Im Jahr 1877 wurde sie von König Wilhelm III. zur Hofpianistin ernannt und spielte mehrere Konzerte in der Salle Érard in Paris. Zusammen mit dem Violonisten Eugène Ysaÿe und dem Violoncellisten Joseph Hollmann brachte sie dort u. a. das Trio op. 42 von Niels Gade und das Trio op. 70 Nr. 2 in Es-Dur von Beethoven zur Aufführung. Die Reaktionen auf ihre ersten Konzerte fielen jedoch zurückhaltend aus.

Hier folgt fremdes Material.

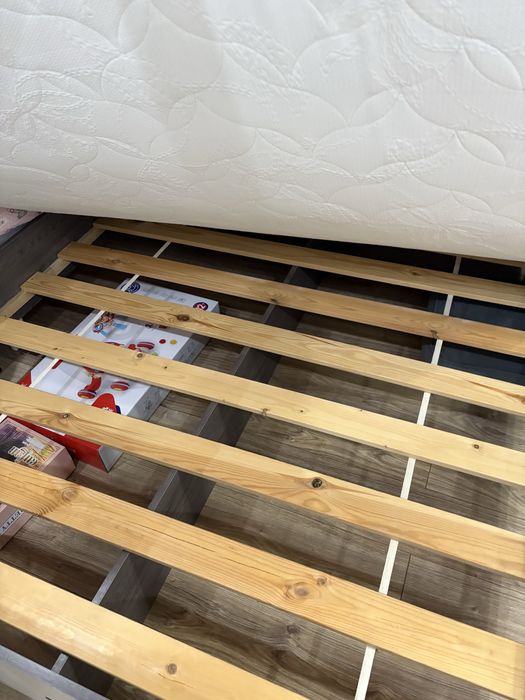 Продам спальный гарнитур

Den Vortrag von Chopins Konzert e-Moll op. 11 beim Konzertverein Eruditio Musica am 13. Dez. 1877 in Rotterdam beschreibt der Rezensent des „Musikalischen Wochenblatts“ zwar als „eine sehr abgerundete Leistung“ (FritzschMW 1878, S. 38), dennoch habe sich gezeigt, „dass sie jene Stufe künstlerischer Reife noch nicht erreicht hat, bei der die Frage: wie viel wohl noch vom Schüler abzustreifen ist, um in den Vollbesitz der Meisterschaft zu gelangen, gar nicht mehr auftaucht“ (ebd.). Am 12. Apr. des folgenden Jahres spielte sie beim 4. philharmonischen Konzert in Amsterdam unter der Leitung ihres Vaters ein Konzert von Saint-Saëns sowie eine Gigue von Ferdinand Hiller und das Spinnerlied von Wagner in der Bearbeitung von Liszt. „Hare techniek heeft thans die hoogte bereikt, die haar in staat stelt de pianolitteratuur in haren ganschen omvang te omvatten en hare voordracht heeft aan uitdrukking on eigendommekjkheid veel gewonnen, zoodat het ein wezenlijk genot is, haar in hare verrichtingen op het klavier gade te staan“ („Ihre Technik hat nun ganz die Höhe erreicht, die es ihr ermöglicht, die Pianoliteratur in ihrer ganzen Breite zu erfassen, und ihr Vortrag hat an Ausdruck und Persönlichkeit viel gewonnen, sodass es ein erheblicher Genuss ist, sie bei der Arbeit am Klavier zu beobachten“, Algemeen Handelsblad 11. März 1879). Auch spätere Rezensionen betonen ihre Fortschritte. So schreibt die Zeitschrift „Signale für die musikalische Welt“ zu Anna Verhulsts Leistungen im Septett op. 74 in d-Moll von Hummel, welches bei einer Kammermusiksoiree im Gewandhaus 1881 zur Aufführung kam: „Ganz besonderer Dank gebührt hierbei der Interpretin des Clavierpartes, Fräulein Verhulst, welche sich ihrer bekanntlich nicht eben leichten Aufgabe mit Gewandtheit und Geschmack entledigte und an welcher überhaupt mit Erfreulichkeit zu merken war, daß sie gegen früher, wo wir ihr begegneten, an technischer und musikalischer Reife ganz erheblich gewonnen hat“ (Signale 1881, S. 435).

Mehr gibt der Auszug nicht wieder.